46. Permutations
Given a collection of distinct numbers, return all possible permutations.
For example,
[1,2,3] have the following permutations:
[
[1,2,3],
[1,3,2],
[2,1,3],
[2,3,1],
[3,1,2],
[3,2,1]
]
My Solution
import itertools
class Solution(object):
def permute(self, nums):
"""
:type nums: List[int]
:rtype: List[List[int]]
"""
return list(itertools.permutations(nums))
Reference (转)
Solution 1: Recursive, take any number as first
Take any number as the first number and append any permutation of the other numbers.
def permute(self, nums):
return [[n] + p
for i, n in enumerate(nums)
for p in self.permute(nums[:i] + nums[i+1:])] or [[]]
Solution 2: Recursive, insert first number anywhere
Insert the first number anywhere in any permutation of the remaining numbers.
def permute(self, nums):
return nums and [p[:i] + [nums[0]] + p[i:]
for p in self.permute(nums[1:])
for i in range(len(nums))] or [[]]
Solution 3: Reduce, insert next number anywhere
Use reduce to insert the next number anywhere in the already built permutations.
def permute(self, nums):
return reduce(lambda P, n: [p[:i] + [n] + p[i:]

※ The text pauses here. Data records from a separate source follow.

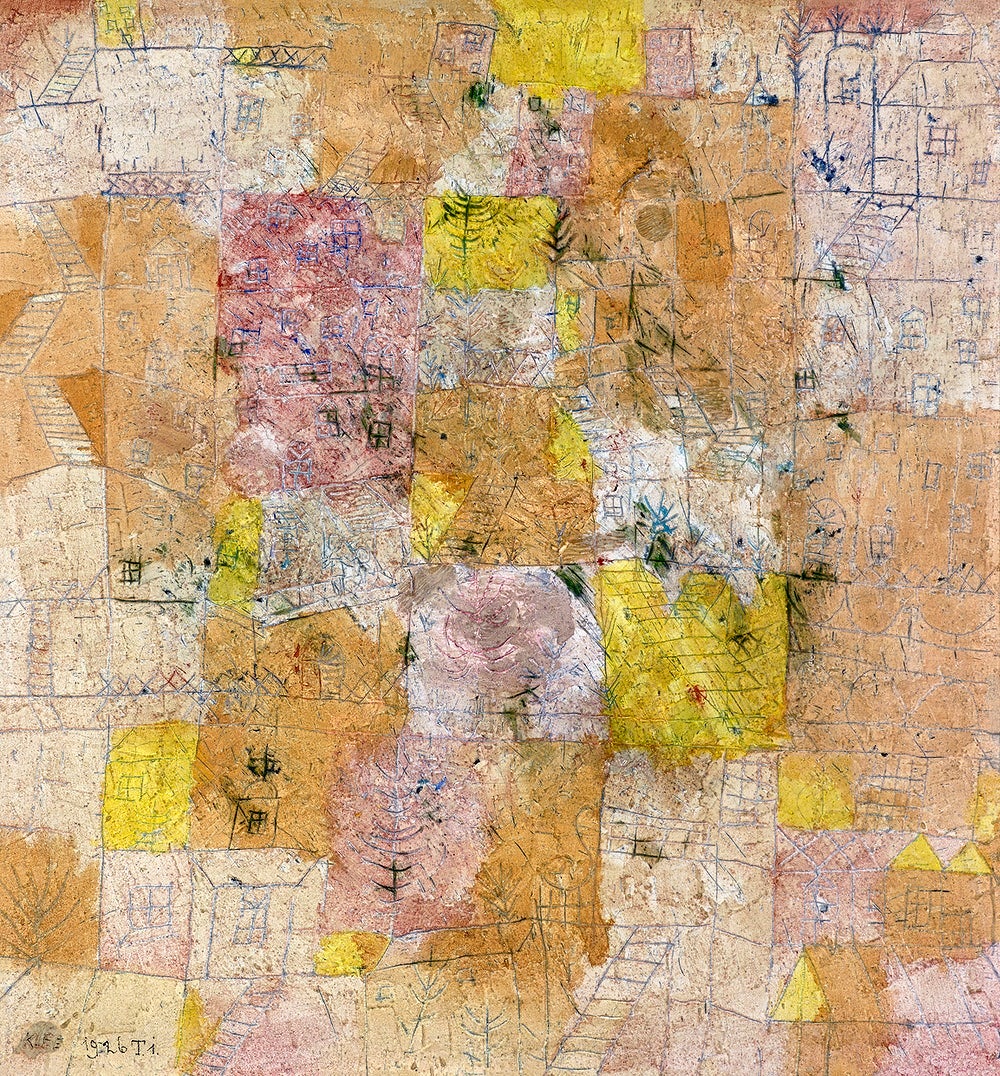 Garden city idyll painting - Meri Deewar 1 : 1 Square Premium Wall Art Canvas by MeriDeewar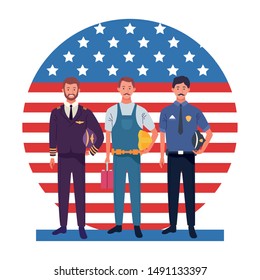labor day employment occupation national celebration professionals workers in front american united states flag cartoon vector illustration graphic design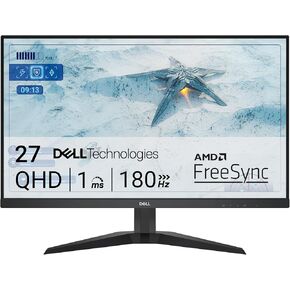 Dell Curved Gaming Monitor 27 Inch Curved Monitor with 165Hz Refresh Rate, QHD (2560 x 1440) Display, Black - S2722DGM
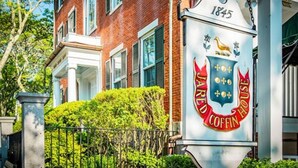 A building with a sign reading "Jared Coffin House" and the year "1845" on it. - Jared Coffin House (Nantucket)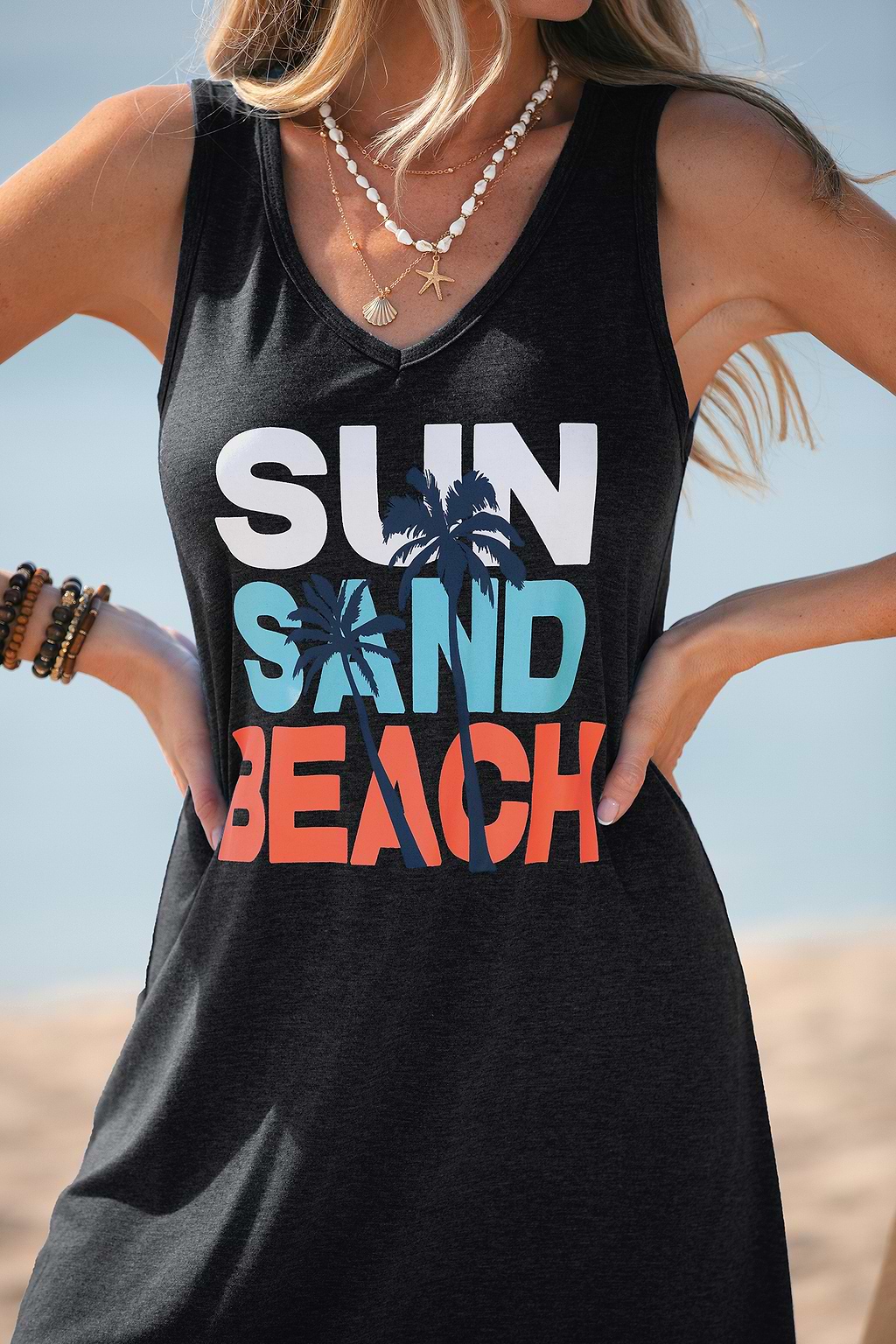 V-Ausschnitt Ärmelloses Mini-Strandkleid mit Grafik-Print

for p in P for i in range(len(p)+1)],
nums, [[]])
Solution 4: Using the library
def permute(self, nums):
return list(itertools.permutations(nums))
That returns a list of tuples, but the OJ accepts it anyway. If needed, I could easily turn it into a list of lists:
def permute(self, nums):
return map(list, itertools.permutations(nums))